The size of the drivers tells you very little about the sound quality of the sub. Neither the size nor the moving mass are good predictors of any subjective quality that audiophiles are looking for.

 

Myths abound here and quite often it's because they are very often quite intuitive - they feel like they should be true!

 

My experience in building, testing and integrating many different subs over the years suggests two things that contradict expectations:

 

1. Subs that appear radically different can be made to sound near identical within their linear range.

 

An extreme example might be an open baffle sub vs a huge horn sub. Most of the differences can be removed with calibration.

 

2. Larger and heavier subs are more likely to perform better in any measure, whether subjective or objective.

 

Yes, it sounds like a contradiction to my previous point! However, this has been my experience generally.
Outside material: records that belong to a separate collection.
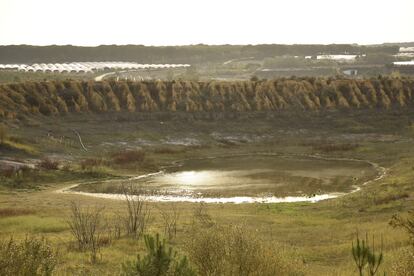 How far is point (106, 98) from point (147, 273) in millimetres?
59849

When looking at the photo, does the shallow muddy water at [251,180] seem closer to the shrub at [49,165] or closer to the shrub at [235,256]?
the shrub at [49,165]

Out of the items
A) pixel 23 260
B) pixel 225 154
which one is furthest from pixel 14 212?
pixel 225 154

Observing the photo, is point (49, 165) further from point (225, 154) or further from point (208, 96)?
point (208, 96)

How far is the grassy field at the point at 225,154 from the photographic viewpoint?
1944 centimetres

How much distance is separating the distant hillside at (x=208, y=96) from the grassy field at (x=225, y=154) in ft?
9.95

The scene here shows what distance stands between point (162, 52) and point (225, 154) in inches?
4366

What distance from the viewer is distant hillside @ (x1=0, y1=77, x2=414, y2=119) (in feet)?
214

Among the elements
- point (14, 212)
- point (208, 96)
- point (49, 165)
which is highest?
point (208, 96)

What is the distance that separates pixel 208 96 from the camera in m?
72.5

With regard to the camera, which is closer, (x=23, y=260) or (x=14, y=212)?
(x=23, y=260)

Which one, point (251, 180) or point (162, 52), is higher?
point (162, 52)

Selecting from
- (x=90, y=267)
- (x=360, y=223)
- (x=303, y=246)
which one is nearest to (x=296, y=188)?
(x=360, y=223)

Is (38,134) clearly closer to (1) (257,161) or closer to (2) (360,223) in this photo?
(1) (257,161)

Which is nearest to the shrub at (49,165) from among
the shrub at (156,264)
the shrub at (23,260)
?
the shrub at (23,260) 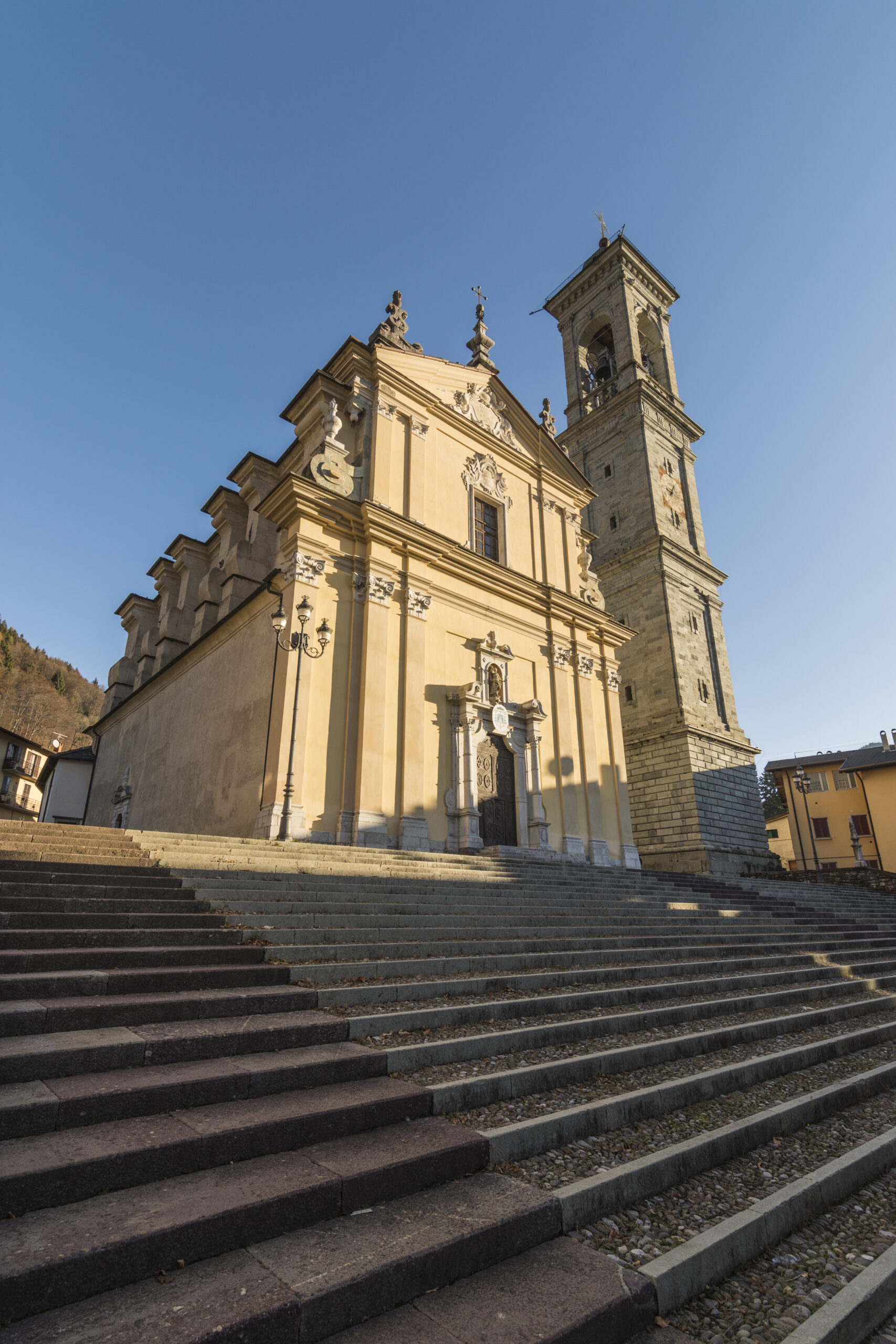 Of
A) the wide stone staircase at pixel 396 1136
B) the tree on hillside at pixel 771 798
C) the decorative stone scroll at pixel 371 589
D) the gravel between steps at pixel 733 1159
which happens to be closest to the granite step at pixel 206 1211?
the wide stone staircase at pixel 396 1136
Let's suppose we could compare a pair of sealed subs, using drivers from the same range. One is 8" sealed, the other is 18" sealed. Cabinets equally solid. Placed in the same position. Calibrated so they have the same frequency response. Operating at exactly the same level - let's say 90 dB which both could handle. I'd expect the bigger sub to sound cleaner and more accurate but it would be a subtle difference. It's only when you move beyond the limits of the smaller sub that they start to sound very different. The extra clean output of the bigger sub in actual use translates into an experience of greater authority and punch.  You find yourself turning it up more, without realising. It doesn't sound louder, Instead, it feels more full, powerful and clean. This is why many audiophiles would actually be well served with a sub that is bigger than they think they need.

 

When it comes to the choice of a sub in terms of its size, I'd suggest you have two main things to think about. Keeping things simple, big enough to give you satisfying bass depth and output. Small enough that you can live with it in your room. Getting the balance right is a fairly personal decision.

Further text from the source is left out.